REQUIRED ACTION:
Below are records; print only the lines from the line containing "Likit Granola Apple" to the end, both included, reproduced exactly and without the pictures.

Collected data:

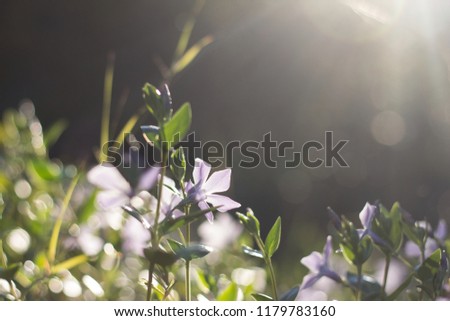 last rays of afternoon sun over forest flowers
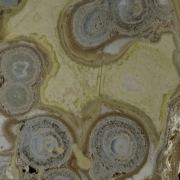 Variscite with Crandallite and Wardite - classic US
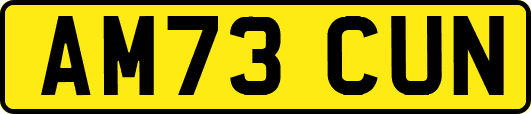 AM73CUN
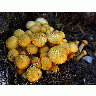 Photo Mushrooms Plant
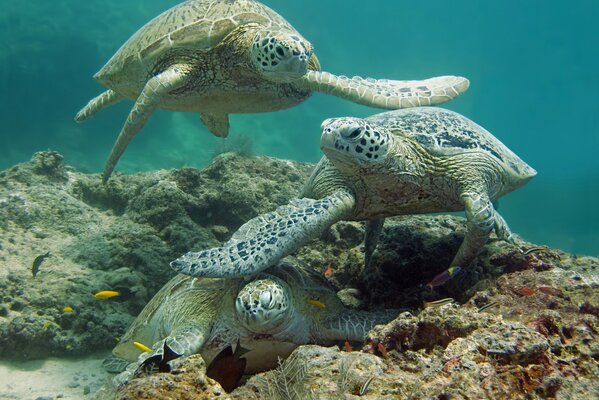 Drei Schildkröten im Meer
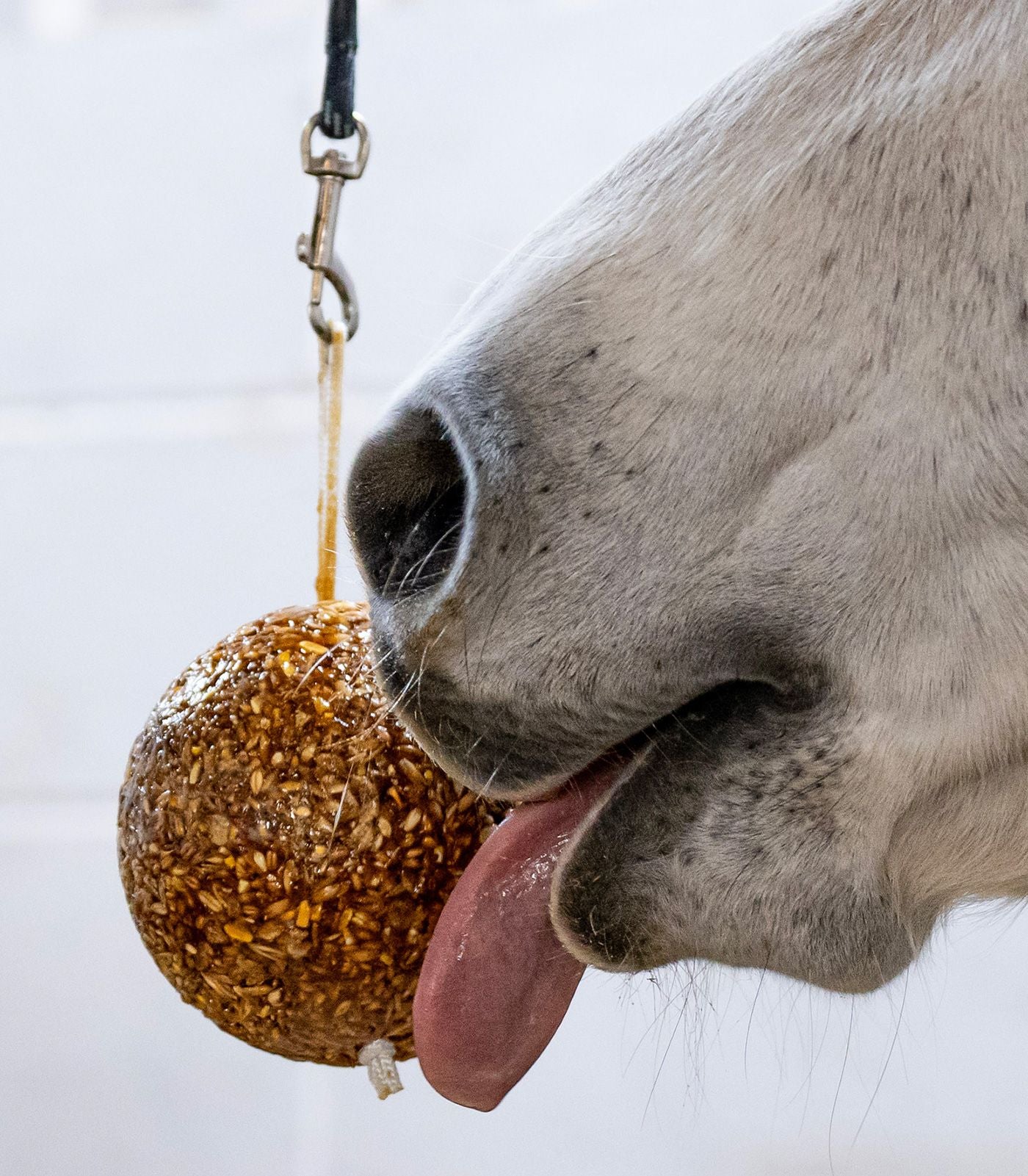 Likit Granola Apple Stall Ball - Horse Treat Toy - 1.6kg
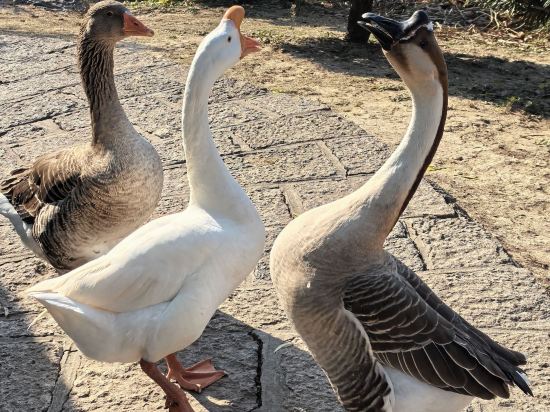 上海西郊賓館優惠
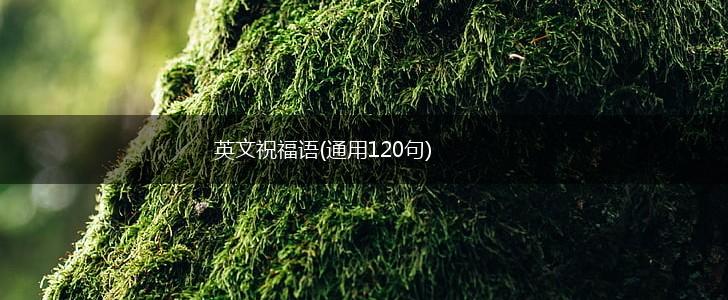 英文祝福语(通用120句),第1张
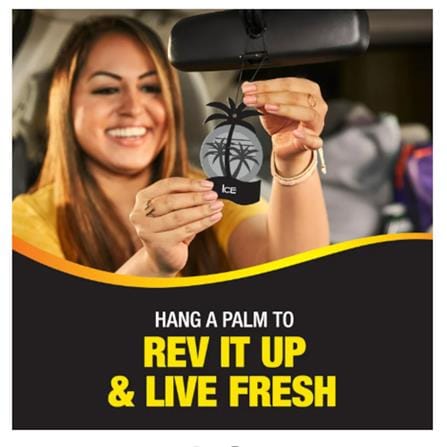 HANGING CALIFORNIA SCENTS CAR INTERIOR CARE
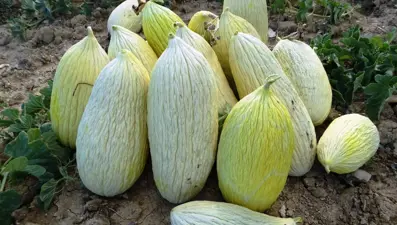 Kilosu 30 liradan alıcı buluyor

ANSWER TO THE PROBLEM:
 Likit Granola Apple Stall Ball - Horse Treat Toy - 1.6kg
 上海西郊賓館優惠
 英文祝福语(通用120句),第1张
 HANGING CALIFORNIA SCENTS CAR INTERIOR CARE
 Kilosu 30 liradan alıcı buluyor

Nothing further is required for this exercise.